Dans les nombreuses analyses que je lis sur le Burundi, peu s’attachent à comprendre la portée du coup d’État avorté du 13 mai dernier, la plupart tentant simplement de dresser les probables raisons de son échec. Cette analyse que je propose a été publiée pour la première fois sous le titre « Understanding the Crisis in Burundi » .

Même si la couverture médiatique a accordé une attention soutenue au troisième mandat, cet aspect de la crise burundaise, facilement visible/explicable et donc « vendable » au grand public cache des enjeux et des positionnements beaucoup plus profonds. Certes, la profonde divergence liée à l’interprétation de la Constitution quant à un nouveau mandat de Pierre Nkurunziza a un rôle important dans l’actuelle crise burundaise. Mais les questions qui restent essentielles concernent l’emprise de Nkurunziza sur le Cndd-Fdd, et, partant, les termes du développement socio-économique du Burundi.

Le putsch manqué du 13 mai dernier a été un tournant qui peut nous aider à comprendre les dynamiques actuelles. La pauvreté du leadership de Nkurunziza sur les 10 dernières années et une fausse lecture des rapports de force de la politique burundaise ont fait penser qu’on pouvait se passer de lui, facilement d’ailleurs. Et, [du départ] d’un Pierre, faire deux coups : renforcer le credo américain (et plus spécialement de l’administration démocrate Obama) en ‪‎Afrique‬ du « deux mandats au maximum » tout en faisant la promotion de l’émergence d’une autre pratique de la politique au Burundi, avec des dirigeants dits « visionnaires » comme le deuxième vice-président Gervais Rufyikiri.

Pourtant, loin de faire avancer la cause que les putschistes disaient défendre, l’échec du coup d’État du 13 mai dernier a renforcé le camp présidentiel qu’on disait/dit toujours affaibli et lâché par les siens et aura servi de prétexte à un regain de confiance dans l’appareil militaire.

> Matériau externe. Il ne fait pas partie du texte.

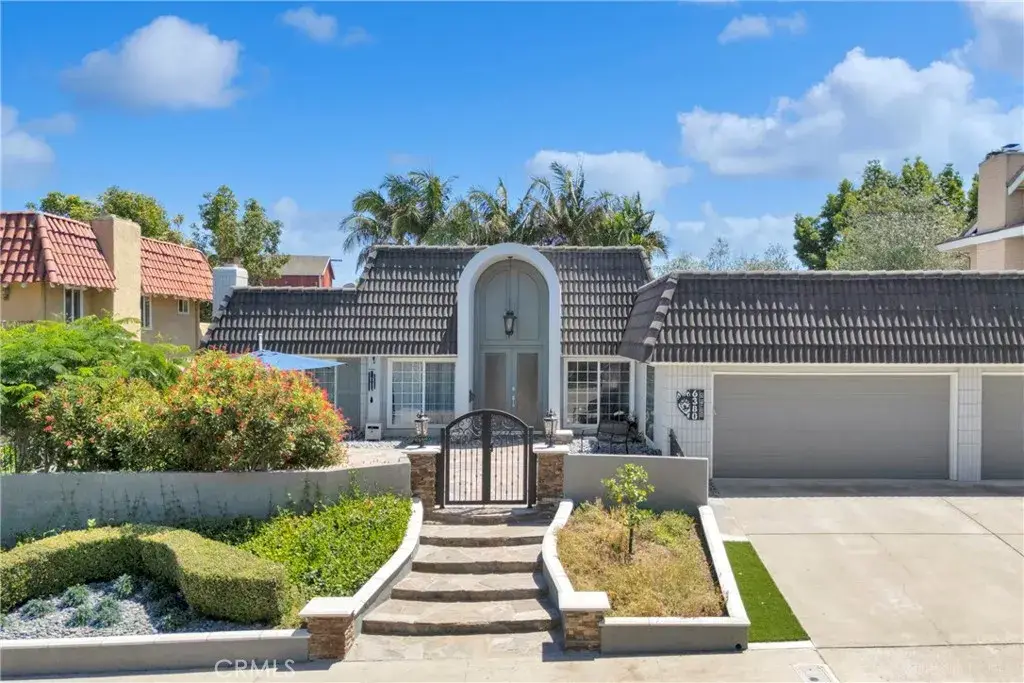 6380 E Bixby Hill, Long Beach, CA 90815 - #1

Pour comprendre la portée de ce coup d’Etat, plusieurs pistes : il y a eu d’abord le retour secret de Nkurunziza au Burundi, après la suspension immédiate de sa participation au premier Sommet des Chefs de l’État de la région consacré à la crise burundaise. Une opération conjointement gérée par les services secrets tanzaniens et burundais, alors qu’à Bujumbura, les rues de la capitale résonnaient encore des cris de joie à l’annonce du putsch du Général Godefroid Niyombare. N’eut été cette complicité diplomatiquement symbolique dans une situation si déterminante pour le pouvoir de Bujumbura, les choses se seraient certainement déroulées différemment.
De fait, il a fallu un peu moins de 36 heures pour que les États-Unis signalent qu’ils reconnaissaient toujours le président Nkurunziza comme le président en exercice du Burundi, signant ipso facto la fin de la tentative du coup d’État.

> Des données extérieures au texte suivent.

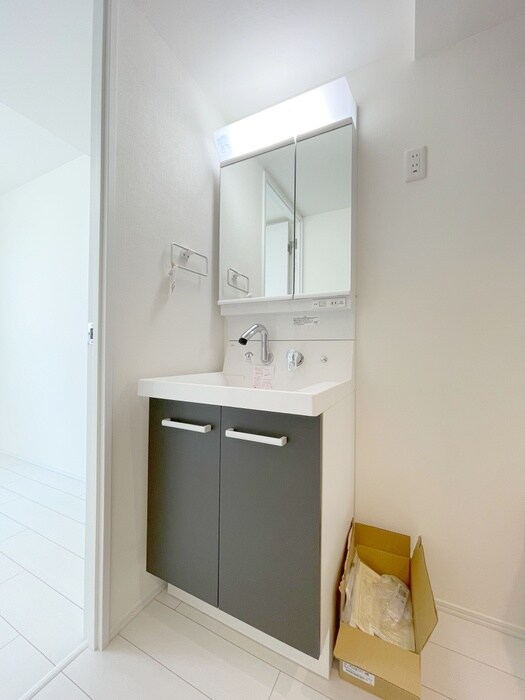 物件内観写真11　(洗面)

Deuxième fait non négligeable : alors que des hauts officiers de l’Armée et de la Police burundaises impliqués dans le putsch parcouraient les radios de la capitale pour annoncer la destitution du gouvernement Nkurunziza et tentaient de rallier les commandants d’unités et camps militaires pour prendre d’assaut l’aéroport et la Radio Télévision Nationale, un mouvement inverse s’observait au nord de Bujumbura, à Kamenge.
Tous les hauts-officiers de l’armée issus de l’ancien mouvement rebelle Cndd-Fdd, qu’ils soient pour ou contre un nouveau mandat de Nkurunziza, convergeaient vers le bar dit « Iwabo w’Abantu » (littéralement « La Place des Humains »), propriété du Général Adolphe Nshimirimana.
Héros de la naissance de la résistance populaire armée des Hutu, à Kamenge justement, aux lendemains de l’assassinat du premier Président démocratiquement élu du Burundi en 1993, « Adolphe » symbolise presque de façon mystique la lutte armée au sein du Cndd-Fdd, et même au-delà.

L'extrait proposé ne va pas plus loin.